C’est dans « Mrs Dalloway » qu’elle pousse le plus loin   l’expérience de «  moments extatiques ». On se souvient que c’est dans « Le Temps retrouvé » que Proust  les réunit ces moments : la sensation du pavé mal équarri, le bruit d’une cuillère contre une assiette,  le grain d’une serviette empesée, qui  transportent le narrateur successivement  aux pavés de la basilique St-Marc à Venise, au bruit métallique entendu dans un train  entre Cabourg et paris, et à la serviette rêche utilisée  à Balbec.»  Clarissa Dalloway, quand  elle sort de chez elle, ressent le même phénomène :  un bruit de gonds et la fraîcheur de l’air la transportent trente ans en arrière, dans la maison de Bourton, au bord de la mer, où elle a passé les étés de son enfance.

 Elle écrit :«  La bouffée de plaisir ! Le plongeon ! C’est l’impression que cela lui avait toujours fait lorsque, avec un petit grincement des gonds, qu’elle entendait encore, elle ouvrait d’un coup les porte-fenêtres, à Bourton, et plongeait dans l’air du dehors.

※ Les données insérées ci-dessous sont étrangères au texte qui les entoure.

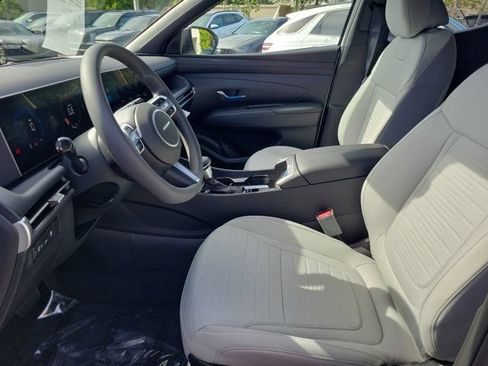 Used 2026 Hyundai Santa Cruz SE FWD image 17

Que l’air était frais, qu’il était calme, plus immobile qu’aujourd’hui, bien sûr, en début de matinée ; comme une vague qui claque ; comme le baiser d’une vague ; vif, piquant, mais en même temps (pour la jeune fille de dix-huit ans qu’elle était alors) solennel »

Mais la particularité de   Woolf  c’est que chez elle, les petites phrases –« vagues » (titre d’un de ses romans)   qui se pressent serrées et moirées  vers le lecteur révèlent  une  vie intérieure soutenues d’abord avec  des métaphores aquatiques : »Car c’est cela, la vérité  en ce qui concerne notre âme, notre moi qui, tel un poisson, habite les fonds marins et navigue dans les régions obscures, se frayant  un chemin entre les algues géantes, passant au-dessus d’espaces tachetés de soleil et avançant, avançant toujours, jusqu’à plonger  dans le noir profond glacé, insondable ; soudain l’âme file à la surface  et joue sur les vagues ridées par le vent ; c’est-à-dire  qu’elle éprouve l’impérieux besoin de se bouchonner, de s’astiquer, de s’ébrouer, à écouter des potins..v Qu’est-ce que le gouvernement avait l’intention de faire (Richard Dalloway serait au courant) quant à la question de l’Inde ? »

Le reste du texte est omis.